Zung Nguyen, MBA Business Administration student, shares her experience exploring the concepts of degrowth and the power of our individual actions. Zung shares her top tips to help you reduce your consumption in everyday life.
Last weekend, I did something that made me feel good.
I took a few hours to scan my apartment and categorise each item into two groups: things I bought because I needed them and things I wanted. To my surprise, quite a heavy portion of what I owned fell into the second category. Then I returned most of my recent purchases.
So what sparked this change?
The motivation came from a debate I’d had earlier in the week during a sustainability lecture. We were discussing degrowth, an economic concept that challenges the obsession with perpetual growth and instead advocates for reducing consumption and production in wealthy nations to stay within the Earth’s ecological limits. I argued that degrowth, while idealistic, feels inherently against human nature, recalling Yuval Noah Harari’s Sapiens, where he writes:
“One of history's few iron laws is that luxuries tend to become necessities and to spawn new obligations. Once people get used to a certain luxury, they take it for granted. Then they begin to count on it. Finally they reach a point where they can't live without it.”
Degrowth is personal
But that weekend, something shifted. I decided to make a small change. I began to think less about the huge and heavy system and started thinking about personal agency. If I, as one person, had purchased things I didn’t need, what about the other 20,000 students in Bath? Or more than the 100,000 residents of our city? Or the 69 million people across the UK?
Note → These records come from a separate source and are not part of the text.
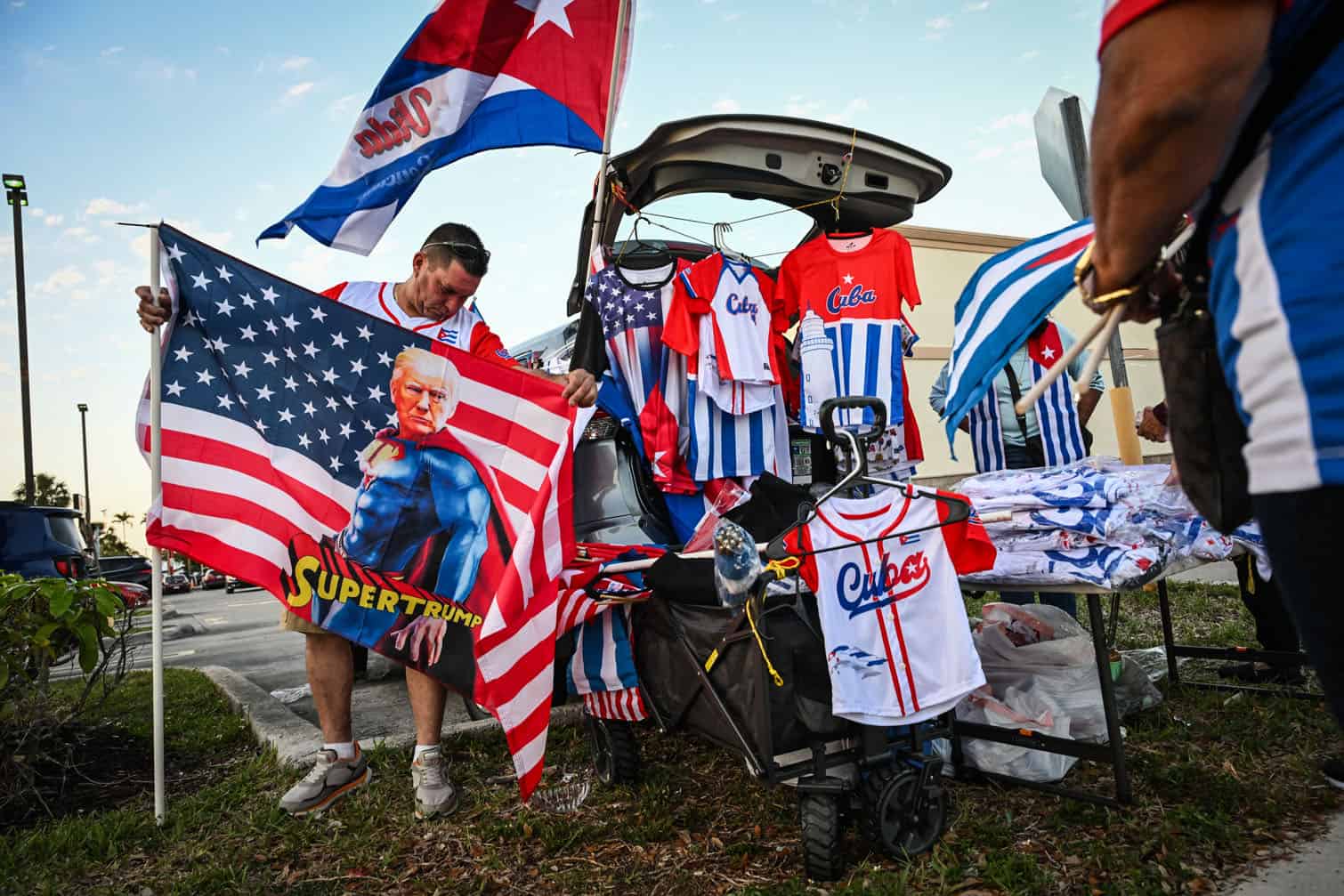 A man browses Cuba flag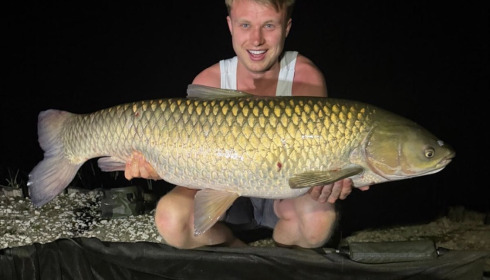 A 38 lb grass carp from Golden Carp Lake, Jun 2026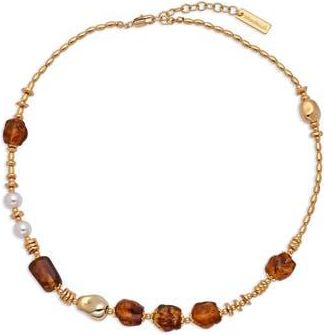 Eye Candy Los Angeles Georgina Beaded Necklace in Gold at Nordstrom Rack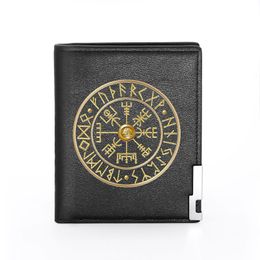 Vintage Viking Design Leather Wallet Classic Men Women Billfold Slim Credit Card/ID Holders Money Bag Male Short Purses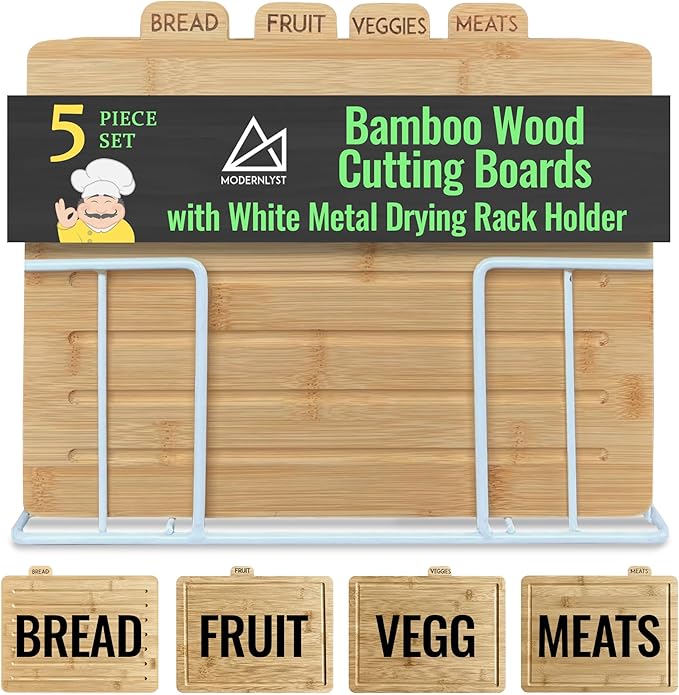 Wood Cutting Board Set with Holder 13"x11"x 3" | Wooden Cutting Boards for Kitchen | Labeled Chopping Board Sets | Large Bamboo Cutting Board Sets with Stand | Chopping Boards for Kitchen
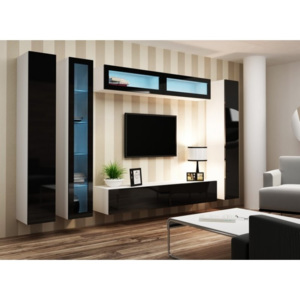 Moderní obývací stěna VIGO 6 Bílý / Černý lesk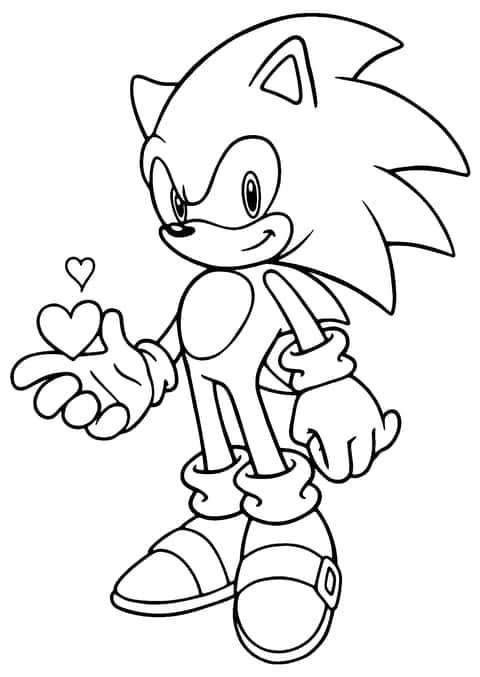 Sonic ystävänpäivänä Coloring Page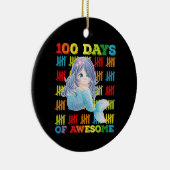 100 dagen van Geweldige zeemeermin 100ste schoolda Keramisch Ornament (Rechts)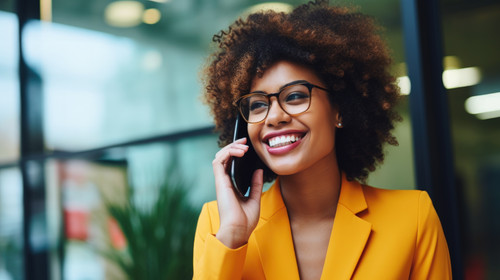 Phone call laugh and business black woman in office for contact connection and network Corporate com.jpg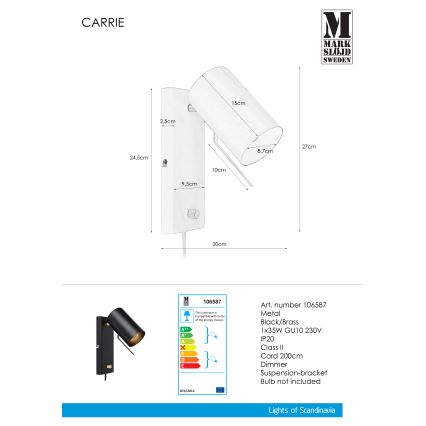Markslöjd 106587 - Applique murale à intensité variable CARRIE 1xGU10/35W/230V noire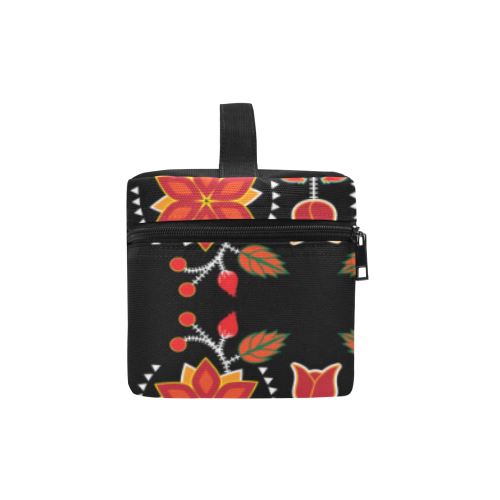 Floral Beadwork Six Bands Cosmetic Bag/Large (Model 1658) Cosmetic Bag e-joyer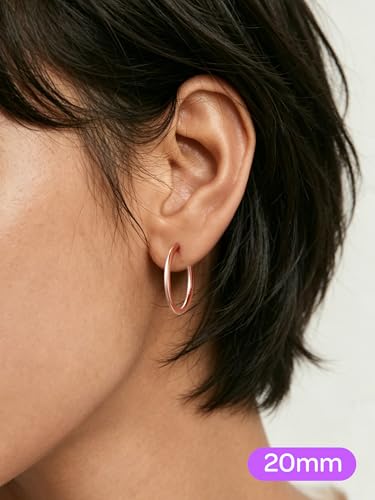 ChicSilver 925 Sterling Silver Hoop Earrings for Women Silver Huggie Hoops | Hypoallergenic 925 sterling silver hoops in 8/10/12/14/16/18/20MM, available in Gold/Silver/Rose Gold/Black. - color: Rose Gold, size: 20mm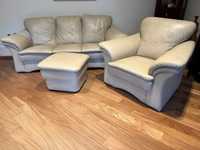 Skórzany komplet wypoczynkowy (sofa, fotel, pufa) firmy Kler (używany)
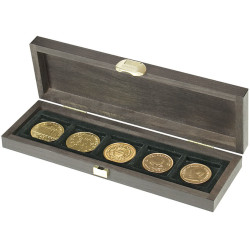 Coffret bois massif CARUS S à   5 alvéoles carrés pour monnaies ou capsules jusqu'à  Ø ext. 40 mm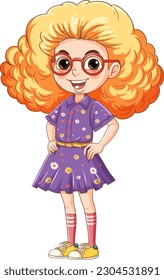 Set of nerd geek girl cartoon character wearing glasses illustration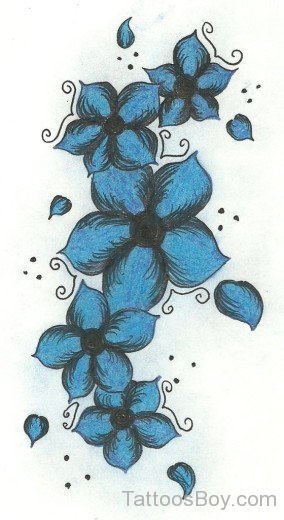 Blue Flower Tattoo-TB12028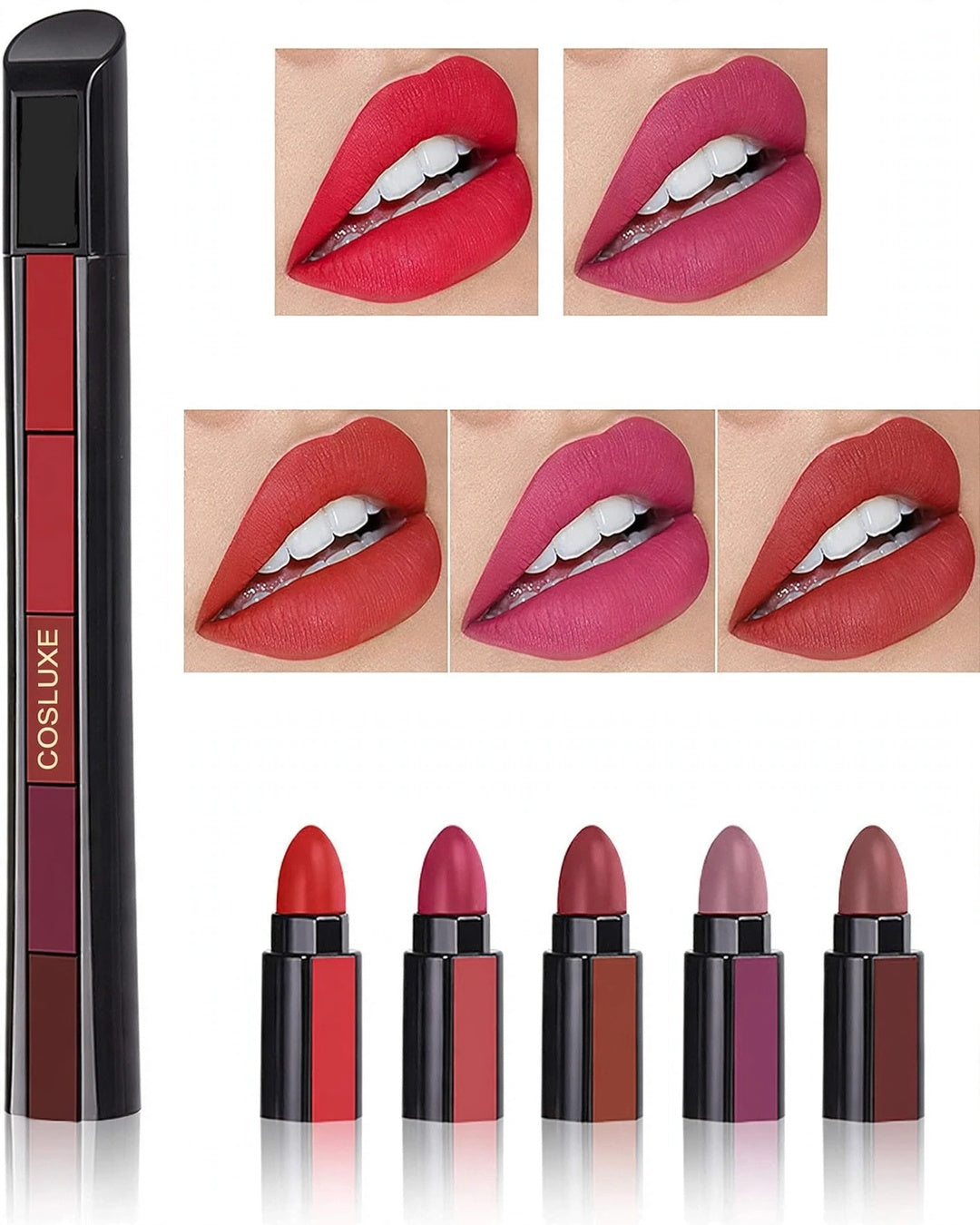 5 IN 1 lipstick five matte shades lip swatches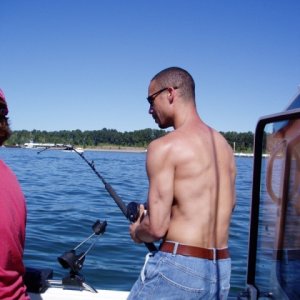 Son Jake reeling in a shaker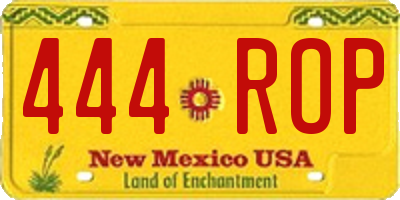 NM license plate 444ROP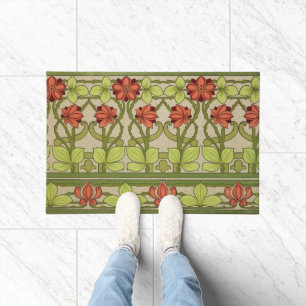 Tapete Padrão Floral em Verde Sálvia Art Nouveau Vintage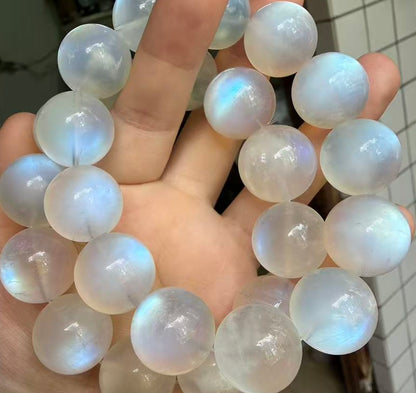 20mm Natural Blue Flashlight white moonstone beads bracelet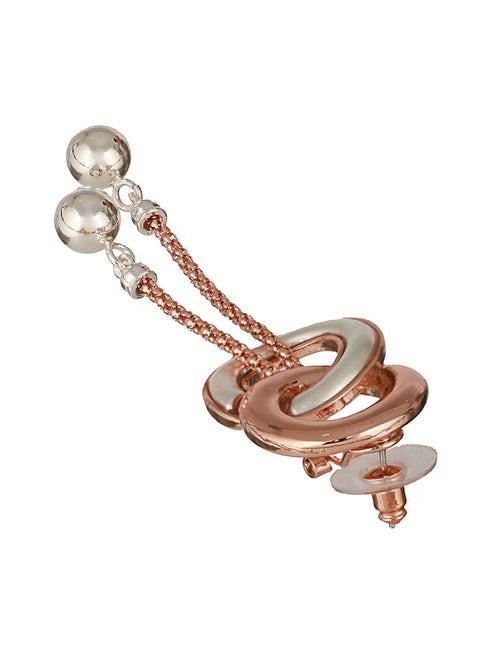 Anti-Tarnish Rose Gold 2 Toned Circular Knotted Dangling Earrings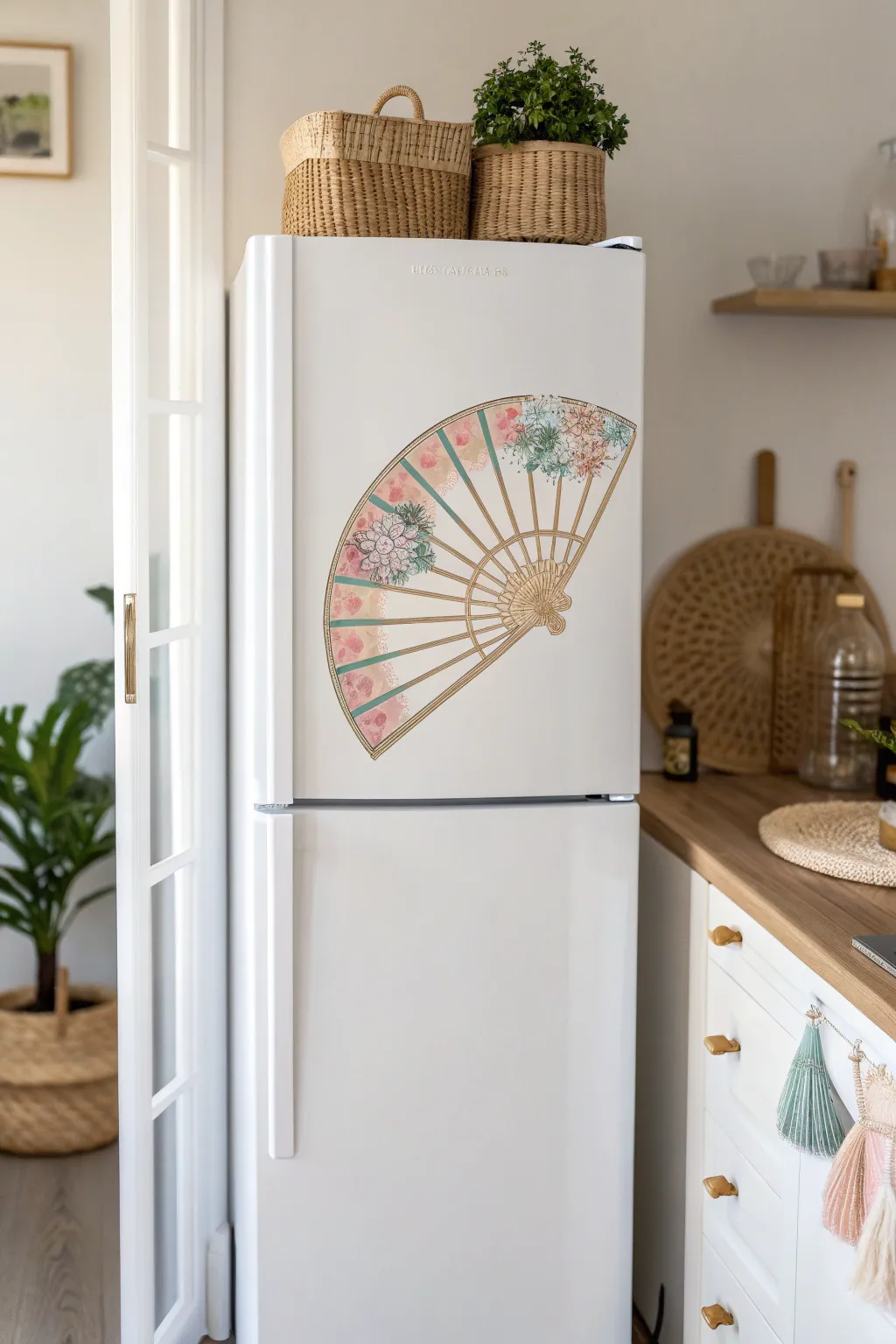 Chill vibes: A touch of summer coolness with a boho fan sticker.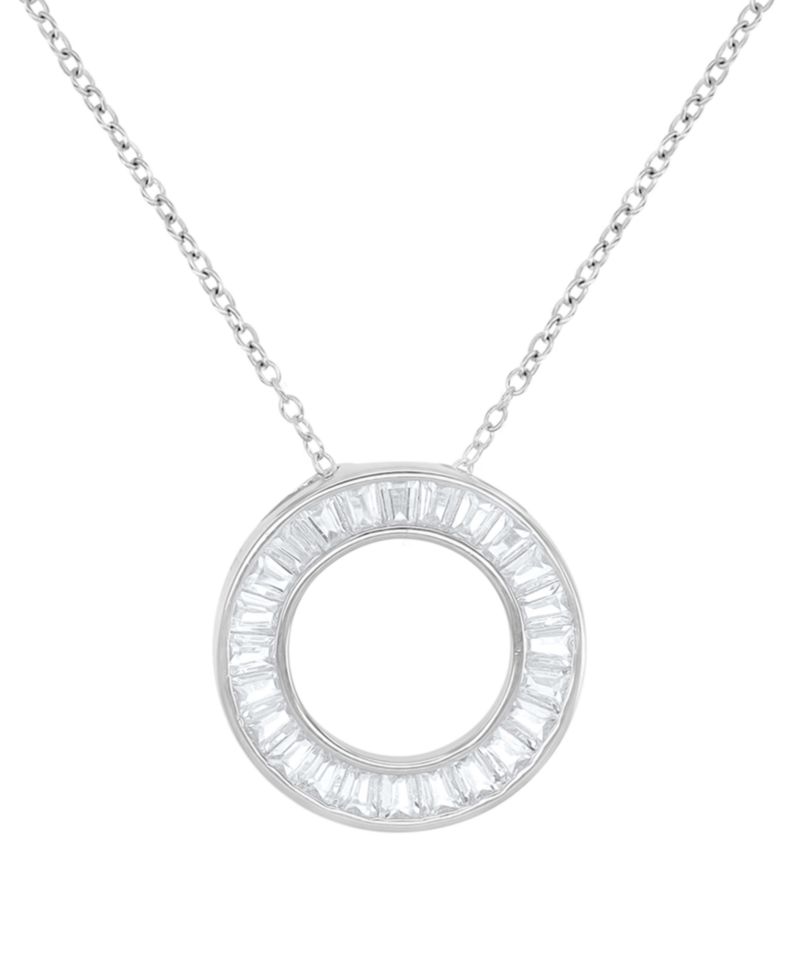 Cubic Zirconia Open Circle Pendant Necklace in Sterling Silver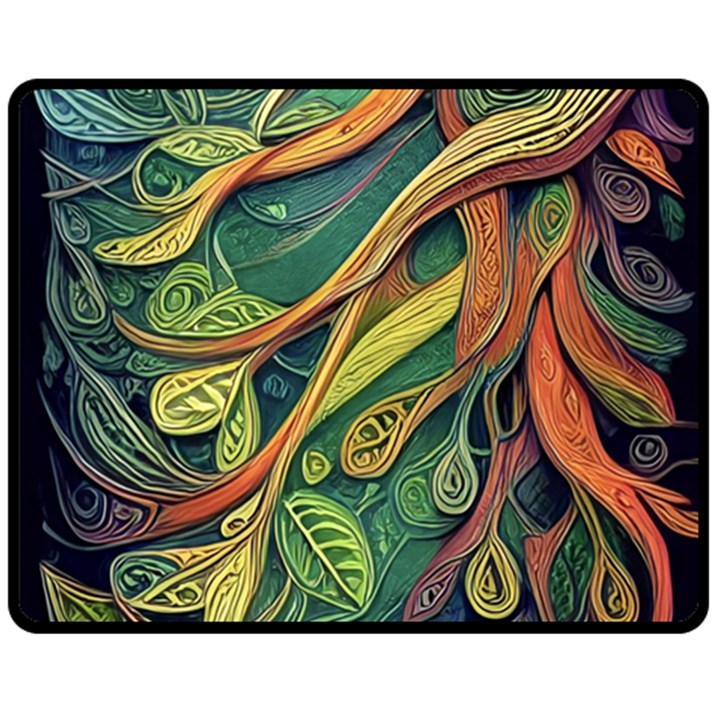 Outdoors Night Setting Scene Forest Woods Light Moonlight Nature Wilderness Leaves Branches Abstract Two Sides Fleece Blanket (Medium)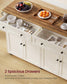 VASAGLE Mobile Kitchen Island – Rustic White, Honey Brown – 15.8"D x 53.7"W x 35.1"H
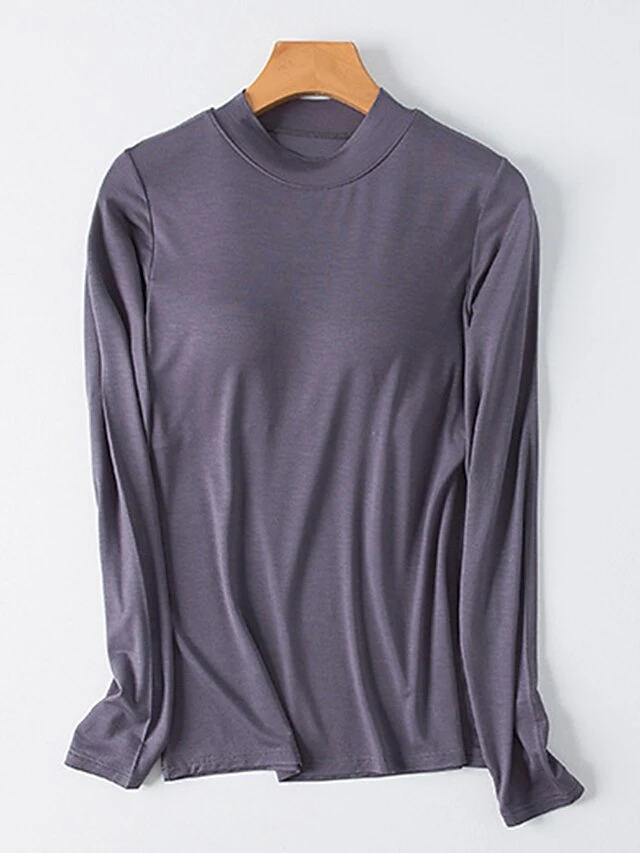 Women's Pajama Top With Chest Pads Loungewear Top Pure Color Fashion Casual Comfort Home Daily Bed Modal Breathable Crew Neck Long Sleeve Fall Winter Black White 14 Women's Pajama Top With Chest Pads Loungewear Top Pure Color Fashion Casual Comfort Home Daily Bed Modal Breathable Crew Neck Long Sleeve Fall Winter Black White - Image 12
The following day, I joined the Green Impact team conducting a sustainability audit in the School of Management building. I was genuinely impressed by the sustainability progress we are making as a University community, but I couldn’t help thinking: can we still do better?

I started to read more about the degrowth movement, and I learned how the movement challenged the idea that human progress must be tied to economic expansion. Instead, what if we measured success not by financial measures, but in wellbeing, equity, and sustainability.
The power of the crowd, and the individual
In the fashion industry alone: Up to 100 billion garments are produced every year, generating 42 million tonnes of plastic waste per year, this makes the textile industry the second-highest industrial sector after packaging. To top it off, only 1% of clothes will get recycled into new garments and the UK throws away 300,000 tonnes of clothing annually.
There's a quote that I found powerful by Margaret Mead:
“Never doubt that a small group of thoughtful, committed citizens can change the world. Indeed, it is the only thing that ever has.”
If individuals like us choose to consume more mindfully, we will collectively influence demand. It’s a ripple effect.
Now imagine if we applied the same logic at scale. If we all start choosing quality over quantity, experiences and services over materials. Apparently, shops and production businesses will not like this, but they will have to change, and the market will have to adapt.
The opportunity for innovation
While degrowth critiques the “grow at all costs” mentality, it doesn’t reject innovation. On the contrary, it encourages us to innovate differently; to create closed-loop systems, reuse waste, design longer-lasting goods, and build regenerative economies.
So yes, economic development can still happen, but not at the cost of our planet.
Buy what we need, not what we want
In a time of climate crisis, resource depletion, and rising waste, you can make changes by asking a simple question: do I really need this, or do I just want it?
When I returned my unnecessary purchases, it wasn’t just about clearing space, it was about shifting my mindset. Degrowth doesn’t mean doing without, it means doing better. It's a strong act of resistance in a system built on endless consumption.
My top tips for embracing degrowth in daily life
As highlighted in the University of Bath’s Student Guide to Living Sustainably, there are many easy and impactful steps we can take as students. Here are a few of my personal favourites that will also help your budget:
- Less is more, pause before you purchase, ask: do I need this? Look out for clothes swaps and second-hand sales on campus.
- Refill, don’t landfill: use your refillable water bottle and coffee cup, tap water in Bath is clean and free.
- Eat smart: try adding fruit and veg into your diet and reducing meat and dairy, try a meat-free Monday to get started.
- Think circular: before you bin something, ask: can I fix it, donate it, or recycle it? Share and Repair run sessions throughout the year in the SU.
- Engage and share: join a sustainably-minded society, volunteer with the SU V-teams, or simply start a conversation with your flatmates about sustainable swaps.